Patrolman Tim Schortgen in Defiance, Ohio, says he’ll lose about $2,000 annually in overtime pay if the proposed Department of Labor changes to overtime rules go through. “That’s a big reduction,” he says. “Money I can’t put toward my daughter Adrian’s college education. This comes down to protecting the 40-hour workweek. With homeland security needs increasing demands on state and local security, we’re being asked to work longer, for less.”
 

Pete

Repete
Originally cut and pasted by Sparx because he does not have original thought he just copies

Patrolman Tim Schortgen in Defiance, Ohio, says he’ll lose about $2,000 annually in overtime pay if the proposed Department of Labor changes to overtime rules go through. “That’s a big reduction,” he says. “Money I can’t put toward my daughter Adrian’s college education. This comes down to protecting the 40-hour workweek. With homeland security needs increasing demands on state and local security, we’re being asked to work longer, for less.”
A LIE, he will not lose $2K annually, he will just not get that over and above his regular pay.
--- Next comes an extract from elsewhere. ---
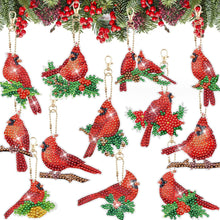Load image into Gallery viewer, 5PCS Double Sided Special Shape Diamond Art Keyring Little Bear in Red Cardinals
OT is not mandatory, and he might be asked to or he can be given comp time. Poor officer Schortgen needs to learn to 1. Manage finances better like the rest of us, 2. Get a PT job to make up the wopping $2K a year, 3. Tell little Adrian to get a student loan.

Although this article says he will lose $2K it doesn't say what he makes a year either. If he is losing $2K from a $20K annual salary you bet your sweet ass they would have used it in the article to well up tears. I have a feeling that losing $2K a year in OT for someone making $60K would get less sympathy. Tricklery from the lefty press, nah that wouldn't do that.

I also liked how little Adrian's college was used. If old Officer Tim would have siad "Well you know now I am going to have to wait until next spring to but that hot tub." it wouldn't have made the paper.
 

Pete

Repete
Originally posted by Sparx
After patrolling the streets of Toledo, Ohio, police officer Tim Steedman looks forward to spending his time off with his two sons. Because the proposed Department of Labor rules change could mean the city won’t have to pay time-and-a-half for more than 40 hours, Steedman, a single father, worries his employer might start demanding he work overtime. “We’re at least 70 officers short now,” he explains. “If the city doesn’t have to pay time-and-half, it’ll force us in to work all the time.”

He might win the GD lottery too and stop working altogether. If he is worried about not spending time with his kids, GET A DIFFERENT JOB, adults have to make decisions all the time. Cake=eat
 

Pete

Repete
Originally posted by Sparx

A proposed change in the Fair Labor Standards Act (FLSA) regulations could immediately hurt household finances for Kurtycz. His wife, Holley, a full-time nurse at a nonunion workplace, would become exempt from federal overtime pay protections under a Bush administration proposal and might lose as much as 25 percent of her income if it goes into effect. “This would greatly affect our household finances,” says Kurtycz.

Full time nurse, now there is a sweat shop job if I have ever heard of one. Sounds like someone has come to rely on 25% of their income coming from OT....STUPID MOVE !!